I haven't had time to read the entire issue yet, but so far I'm really pleased.
You know that you're really reading a publication targeted at programmers when the first paragraph of the first article is as follows:
Floating point is a giant mess. There are known best practices for most issues that come up in everyday use (e.g., using Kahan summation or adding stochastic noise to reduce aggregate numerical error), but there are still corner cases. Different libraries and implementations give different results because there’s no generally accepted standard.
"Numerical error"? "Kahan summation"? "Stochastic noise"?
Oh, yes, yes, YES! Bring it on!
And I also really enjoyed An introduction to functional programming, with its straight-forward, plain-english approach:
When people talk about functional programming, they mention a dizzying number of “functional” characteristics. They mention immutable data, first class functions and tail call optimisation. These are language features that aid functional programming. They mention mapping, reducing, pipelining, recursing, currying and the use of higher order functions.
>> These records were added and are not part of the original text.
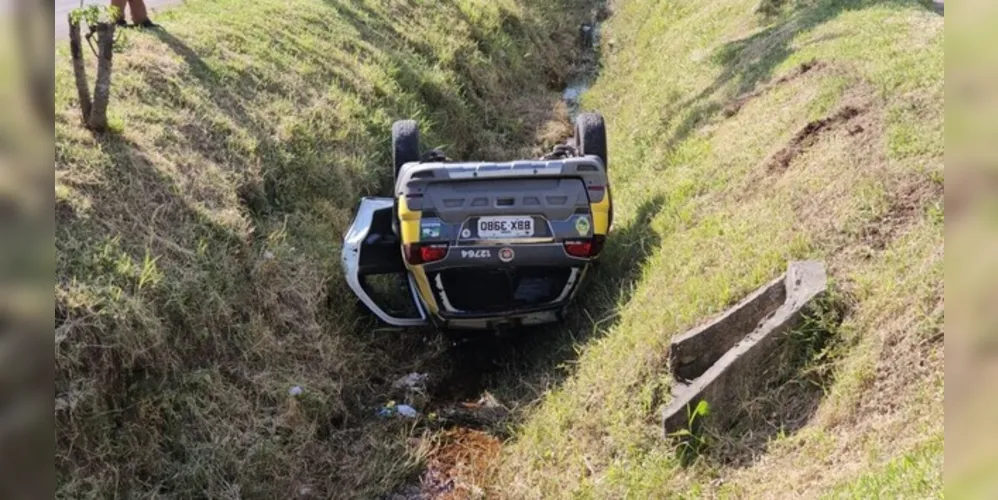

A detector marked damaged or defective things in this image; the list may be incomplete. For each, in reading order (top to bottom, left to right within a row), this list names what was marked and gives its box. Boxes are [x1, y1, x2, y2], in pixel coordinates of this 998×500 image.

overturned car [342, 114, 608, 330]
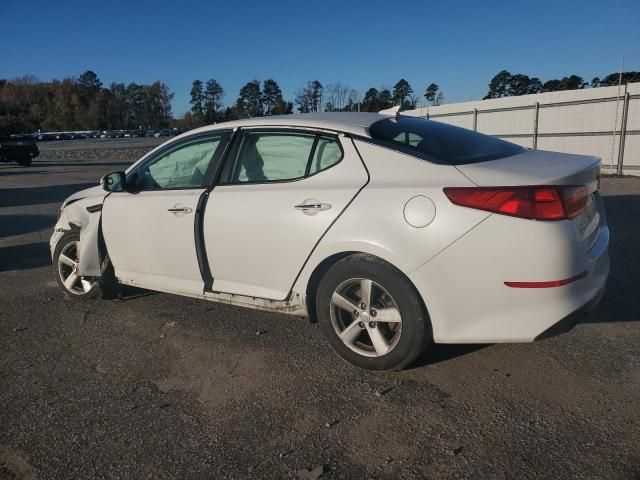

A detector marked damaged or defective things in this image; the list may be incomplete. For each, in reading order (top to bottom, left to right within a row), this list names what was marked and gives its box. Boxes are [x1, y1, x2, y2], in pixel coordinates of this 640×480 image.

front-end collision damage [50, 194, 106, 278]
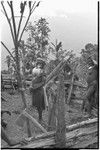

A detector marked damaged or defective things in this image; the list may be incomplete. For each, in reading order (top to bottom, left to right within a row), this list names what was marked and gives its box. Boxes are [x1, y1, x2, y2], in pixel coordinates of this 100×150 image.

broken timber [11, 118, 97, 148]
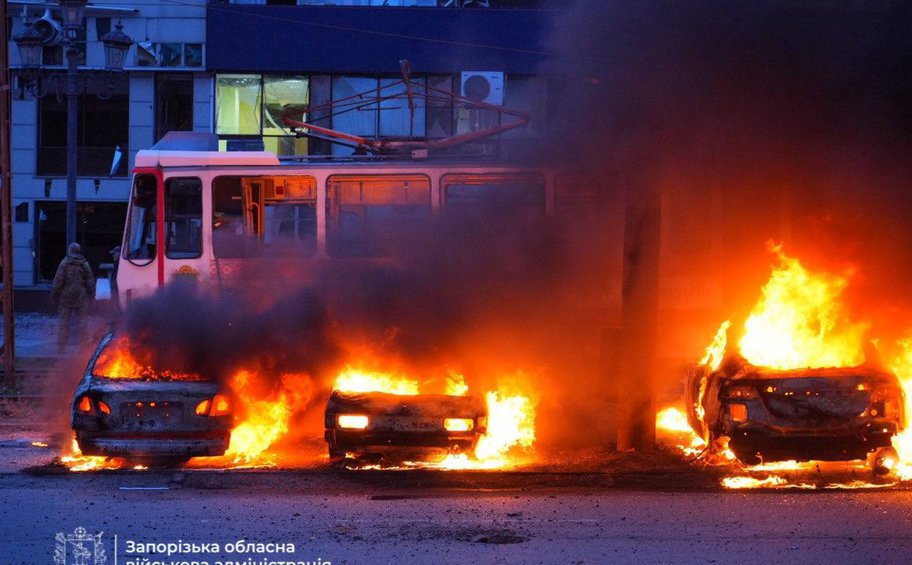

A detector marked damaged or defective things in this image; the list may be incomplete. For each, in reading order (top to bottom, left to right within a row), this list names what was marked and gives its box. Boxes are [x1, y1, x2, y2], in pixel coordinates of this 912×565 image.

damaged vehicle [72, 332, 233, 460]
destroyed sedan [72, 332, 233, 460]
damaged vehicle [324, 390, 488, 460]
destroyed sedan [326, 390, 488, 460]
damaged vehicle [684, 354, 904, 470]
destroyed sedan [684, 354, 904, 470]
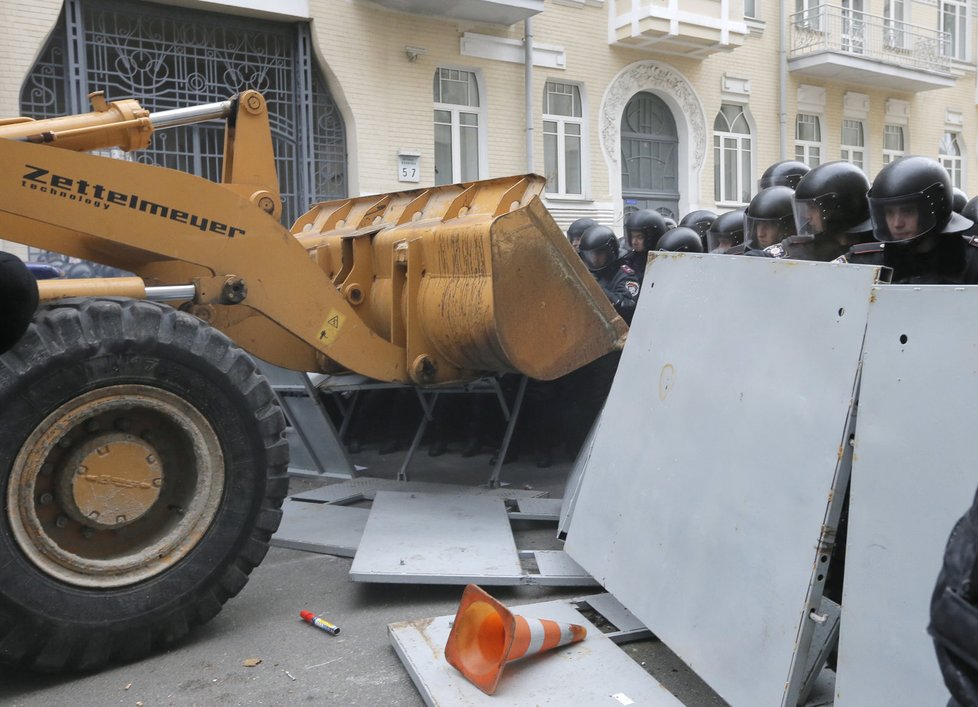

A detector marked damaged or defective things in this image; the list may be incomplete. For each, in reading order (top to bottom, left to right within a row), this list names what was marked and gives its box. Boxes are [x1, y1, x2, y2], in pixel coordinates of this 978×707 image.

broken sheet metal [350, 492, 596, 588]
broken sheet metal [386, 596, 684, 707]
broken sheet metal [560, 254, 880, 707]
broken sheet metal [832, 284, 976, 704]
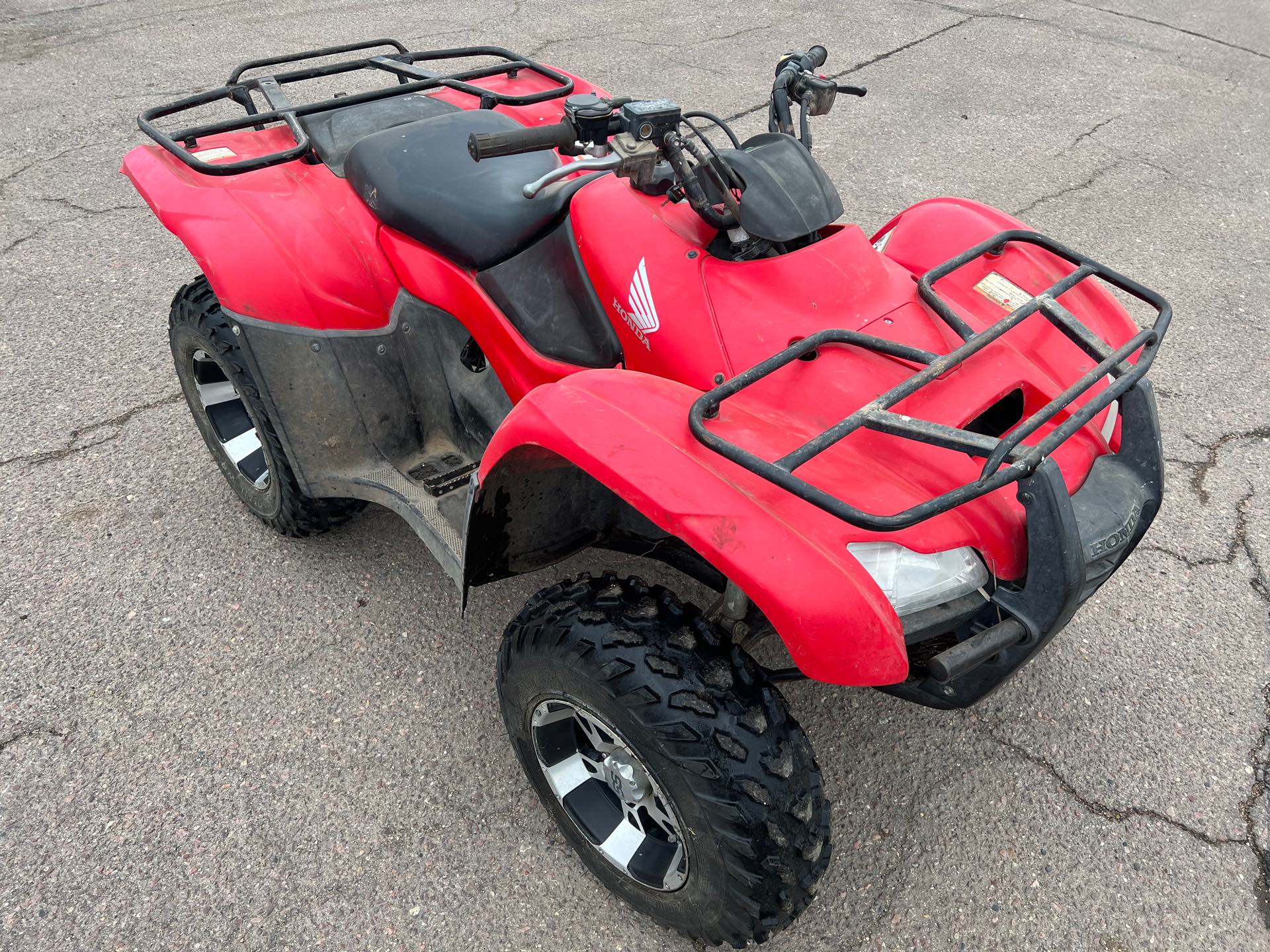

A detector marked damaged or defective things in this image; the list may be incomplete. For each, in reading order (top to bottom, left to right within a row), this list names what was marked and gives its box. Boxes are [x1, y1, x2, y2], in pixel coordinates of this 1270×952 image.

crack in asphalt [726, 17, 970, 124]
crack in asphalt [1062, 0, 1270, 62]
crack in asphalt [0, 393, 184, 472]
crack in asphalt [0, 726, 67, 756]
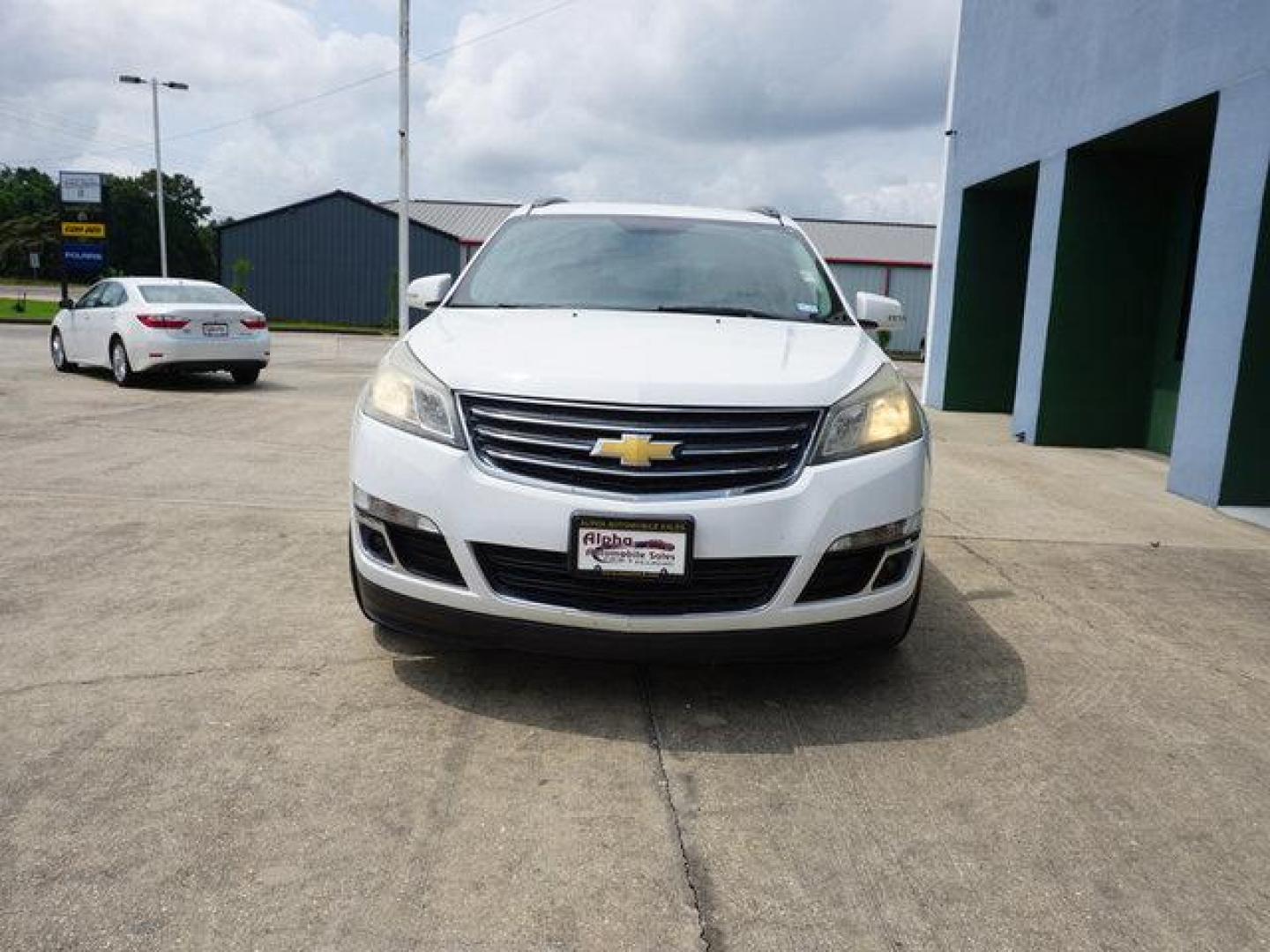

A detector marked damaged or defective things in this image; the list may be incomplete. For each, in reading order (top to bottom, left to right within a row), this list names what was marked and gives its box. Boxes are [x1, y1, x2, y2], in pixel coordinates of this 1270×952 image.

parking lot crack [635, 666, 713, 952]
These are programming techniques used to write functional code. They mention parallelization, lazy evaluation and determinism. These are advantageous properties of functional programs.Ignore all that. Functional code is characterised by one thing: the absence of side effects. It doesn’t rely on data outside the current function, and it doesn’t change data that exists outside the current function. Every other “functional” thing can be derived from this property. Use it as a guide rope as you learn.
They seem to be off to a great start, so I'm hoping that Hacker School continue to find success, and continue to publish more issues of their journal.
Meanwhile, reading the journal led me to the Hacker School blog, which seems pretty great too; I particularly like their "Read Along" feature, in which they select a research topic each week, post a pointer to the paper with some introductory thoughts, and encourage the audience to read along with the paper and contribute their own reactions.
If you're looking for some good reading to strengthen and extend your programming skills, give the Hacker School publications a try!